A title that would make an extraordinary single article [or film], but this triumvirate of stories in the media over the weekend featuring Franklin College faculty provides a handy illustration of the breadth of arts and science scholarship.

Professor emeritus of history James Cobb in TIME magazine:

During the 1950s and ‘60s, New York-based publications like TIME, Newsweekor Harper’s regularly devoted special issues or special sections of regular issues to the South. All of them focused in one way or another on assessing the region’s progress in surmounting the barriers of racism, poverty and educational backwardness that continued to separate it from the rest of the country—meaning, effectively, the northern states, which had long served as the embodiment of American ideals of virtue, enlightenment and prosperity.

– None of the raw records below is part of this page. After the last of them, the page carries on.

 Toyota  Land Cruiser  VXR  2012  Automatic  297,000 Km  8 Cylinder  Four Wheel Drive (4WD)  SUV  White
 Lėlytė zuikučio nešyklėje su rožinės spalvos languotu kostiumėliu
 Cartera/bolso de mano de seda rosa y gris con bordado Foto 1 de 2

This was no random practice. After all, America was in the throes of a civil rights movement whose primary objective at that point was toppling the institutionalized Jim Crow system that still set the South apart. By the middle of the 1960s, however, forces were already stirring that would soon shatter the perception of a southern monopoly on racism and cast serious doubt on the presumption of superior northern virtue. However unwittingly, the editors’ southern focus in the 1960s might have served another purpose as well, for, in retrospect, developments then underway offered a glimpse into a future marked by dramatic and unforeseen change, not just for the South but for the nation as a whole.

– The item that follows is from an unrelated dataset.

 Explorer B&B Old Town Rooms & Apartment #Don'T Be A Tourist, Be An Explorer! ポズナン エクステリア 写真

And on the wonderfully harmonious numerical pattern:

The Fibonacci Sequence, also referred to as the Fibonacci Series, is nature’s numbering system. Nikhat Parveen, a biochemist at the University of Georgia, says this mathematical order — the Fibonacci numbers — is hidden in the “seeming randomness” of the natural world.

“They appear everywhere in nature, from the leaf arrangement in plants, to the pattern of the florets of a flower, the bracts of a pine cone, or the scales of a pineapple,” she writes. “The Fibonacci numbers are therefore applicable to the growth of every living thing, including a single cell, a grain of wheat, a hive of bees, and even all of mankind.”

And anthropology professor Stephen Kowaleski adds to the conversation about conflicts at the center of the history of money:

City-states in ancient Mesoamerica, the region from central Mexico through much of Central America, appear to have created their own monetary systems around the same time as Europeans and Asians started making coins, says anthropological archaeologist Stephen Kowalewski of the University of Georgia in Athens. Kowalewski has conducted a review of what’s known about state sizes, political organization and marketplaces where goods were exchanged in ancient Greece and Mesoamerica.

 As an increasing number of Maya researchers now believe, Old and New World societies independently created their own monetary systems and currencies, he says.

Ancient American societies that circulated perishable currencies didn’t enable some individuals and families to accumulate wealth on the scale of the ancient Greeks, perhaps the best known early coin minters, Kowalewski asserted at the archaeology meeting. In the Greek world, individuals could amass and sell land, goods and slaves as private property. That enabled some Greeks to go from humble beginnings to great wealth. In Mesoamerica, farming communities regulated land holdings, especially in places with the most fertile soil, Kowalewski said. That made it harder for individuals other than royalty to become wealthy.

So many fascinating subjects tied up in just these three stories. The arts and sciences, helping us understand the world, and ourselves.